In contrast: the NVidia A100 has 19 32-bit TFlops. Higher than the Xilinx chip, but the Xilinx chip is still within an order of magnitude, and has the benefits of the LUTs still.

-----

It should be noted that Xilinx Versal "AI engine" is a VLIW SIMD-architecture: https://www.xilinx.com/support/documentation/white_papers/wp..., effectively an ASIC-GPU hardwired into the FPGA.

banjo_milkman · on Oct 27, 2020

Raw FLOPs is completely misleading, which is why Nvidia focus on it as a metric. The GPU can't keep those ops active - particularly during inference when most of the data is fresh so caches don't help. It's the roofline model.

In my experience FPGA>GPU for inference, if you have people who can implement good FPGA designs. And inference is more common than training. Much of this is due to explicit memory management and more memory on FPGA.

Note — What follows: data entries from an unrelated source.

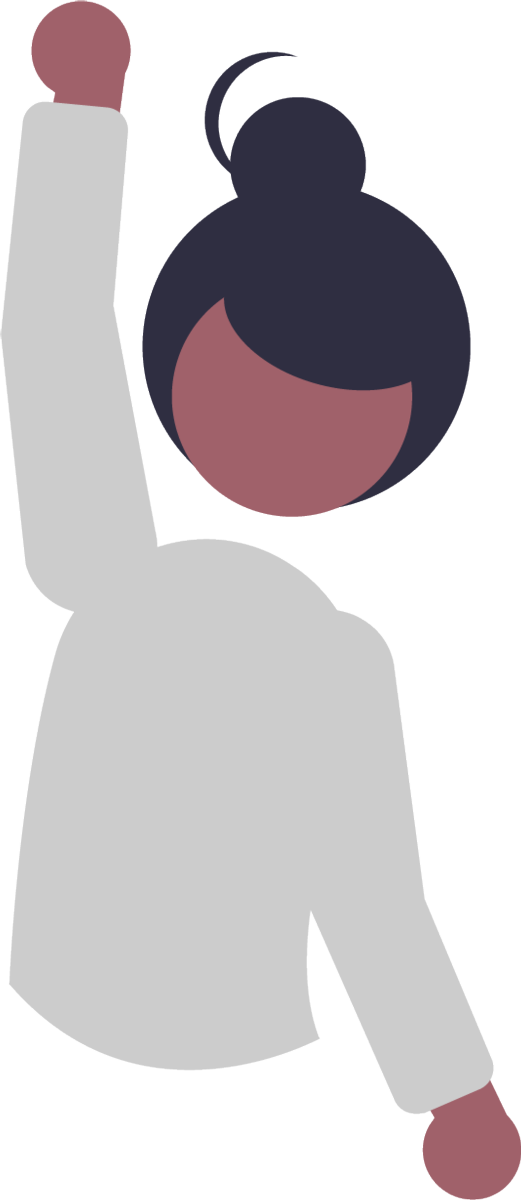 Image of a woman raising her hand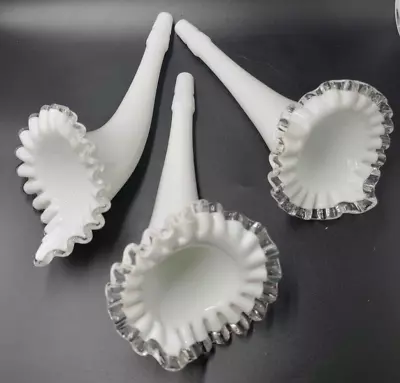 Fenton Silver Crest Epergne Ruffled Hobnail Milk Glass Vase Horn Set Of 3 • $45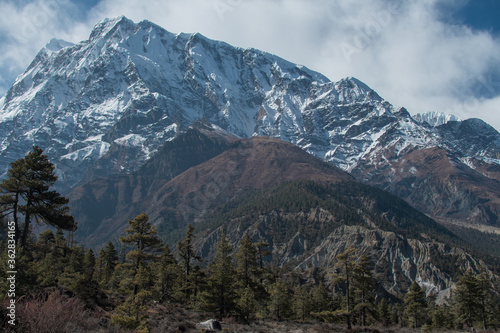 Mountains trekking Annapurna circuit, Marshyangdi river valley, Nepal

dragontamer · on Oct 27, 2020

Well, my primary point is that the earlier assertion: "GPUs are 20x faster than FPGAs" is no where close to the theory of operations, let alone reality.

ASICs (in this case: a fully dedicated GPU) obviously wins in the situation it is designed for. The A100, and other GPU designs, probably will have higher FLOPs than any FPGA made on the 7nm node.

But not a "lot" more FLOPs, and the additional flexibility of an FPGA could really help in some problems. It really depends on what you're trying to do.

------

At best, 7nm top-of-the-line GPU is ~2x more FLOPs than 7nm top-of-the-line FPGA under today's environment. In reality, it all comes down to how the software was written (and FPGAs could absolutely win in the right situation)

TomVDB · on Oct 27, 2020

> GPUs are 20x faster than FPGAs

The original comment by brandmeyer said "ASIC", not "GPU".

Take the same RTL. Synthesize it for ASIC and for FPGA. Observe a 20x difference after normalizing for power, area, and clock speed.

tails4e · on Oct 27, 2020

Yes, and FPGAs can be better than GPUs for some applications, even more power efficient, and cost effective.

davrosthedalek · on Oct 27, 2020

The question is, how much does your algorithm get from the 19 TFlops for a GPU, and how much from the 8 from the Versal. I'm sure many algos fit GPUs fine, but some don't, and might get more out of an FPGA.